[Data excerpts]
↓↓↓
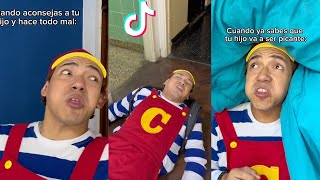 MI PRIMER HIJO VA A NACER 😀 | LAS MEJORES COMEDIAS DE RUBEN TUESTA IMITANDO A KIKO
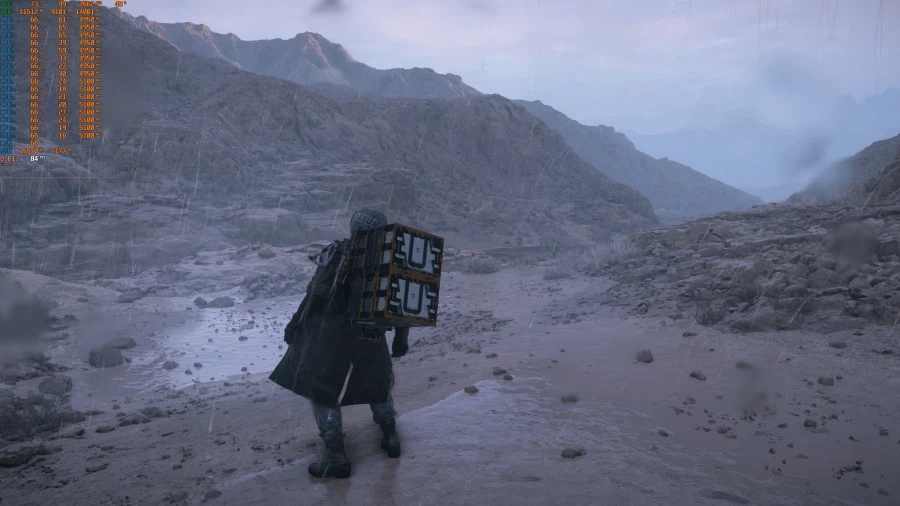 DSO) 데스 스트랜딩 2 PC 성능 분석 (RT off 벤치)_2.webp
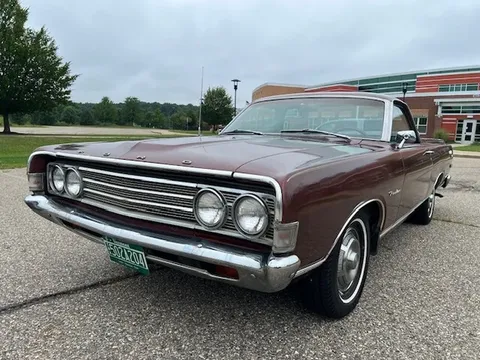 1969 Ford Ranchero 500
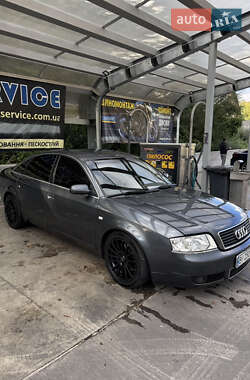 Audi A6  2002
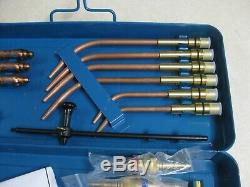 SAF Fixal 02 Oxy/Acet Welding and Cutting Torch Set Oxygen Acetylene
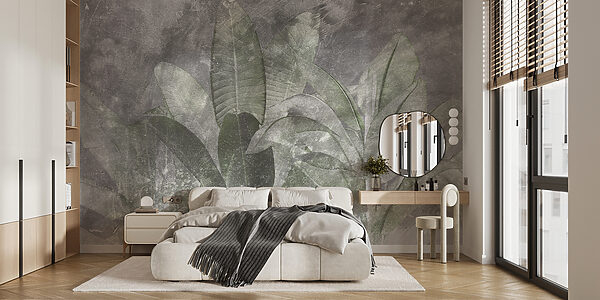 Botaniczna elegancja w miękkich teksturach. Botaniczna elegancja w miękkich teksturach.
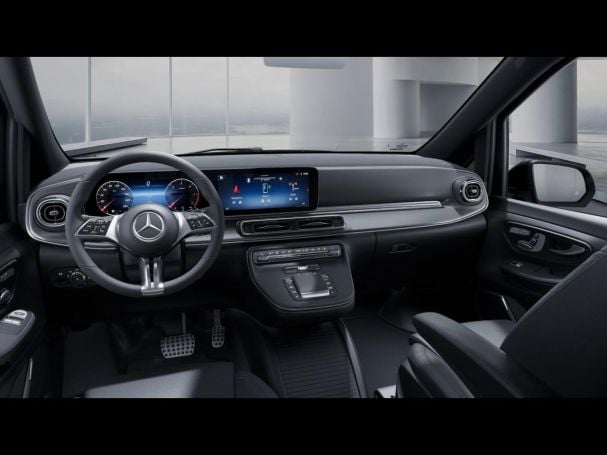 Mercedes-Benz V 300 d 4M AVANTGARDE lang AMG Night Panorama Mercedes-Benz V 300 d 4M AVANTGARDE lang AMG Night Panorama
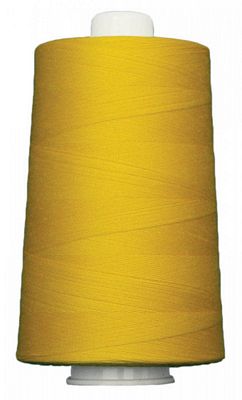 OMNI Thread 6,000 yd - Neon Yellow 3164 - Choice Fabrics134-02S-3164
↑↑↑
↓↓↓
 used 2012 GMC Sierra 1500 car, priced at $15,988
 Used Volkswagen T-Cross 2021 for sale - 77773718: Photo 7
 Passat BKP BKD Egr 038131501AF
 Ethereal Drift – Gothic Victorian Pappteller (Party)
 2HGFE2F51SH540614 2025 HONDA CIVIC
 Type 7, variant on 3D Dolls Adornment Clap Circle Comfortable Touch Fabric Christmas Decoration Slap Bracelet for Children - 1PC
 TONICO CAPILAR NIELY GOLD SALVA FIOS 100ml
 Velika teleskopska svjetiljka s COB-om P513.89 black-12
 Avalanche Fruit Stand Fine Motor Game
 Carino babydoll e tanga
↑↑↑
The copy should hold exactly the lines above from the one with "MI PRIMER HIJO" through the one with "SAF Fixal 02", both ends counted, and no pictures at all.

OUTPUT OF THE TASK —
 MI PRIMER HIJO VA A NACER 😀 | LAS MEJORES COMEDIAS DE RUBEN TUESTA IMITANDO A KIKO
 DSO) 데스 스트랜딩 2 PC 성능 분석 (RT off 벤치)_2.webp
 1969 Ford Ranchero 500
 Audi A6  2002
 SAF Fixal 02 Oxy/Acet Welding and Cutting Torch Set Oxygen Acetylene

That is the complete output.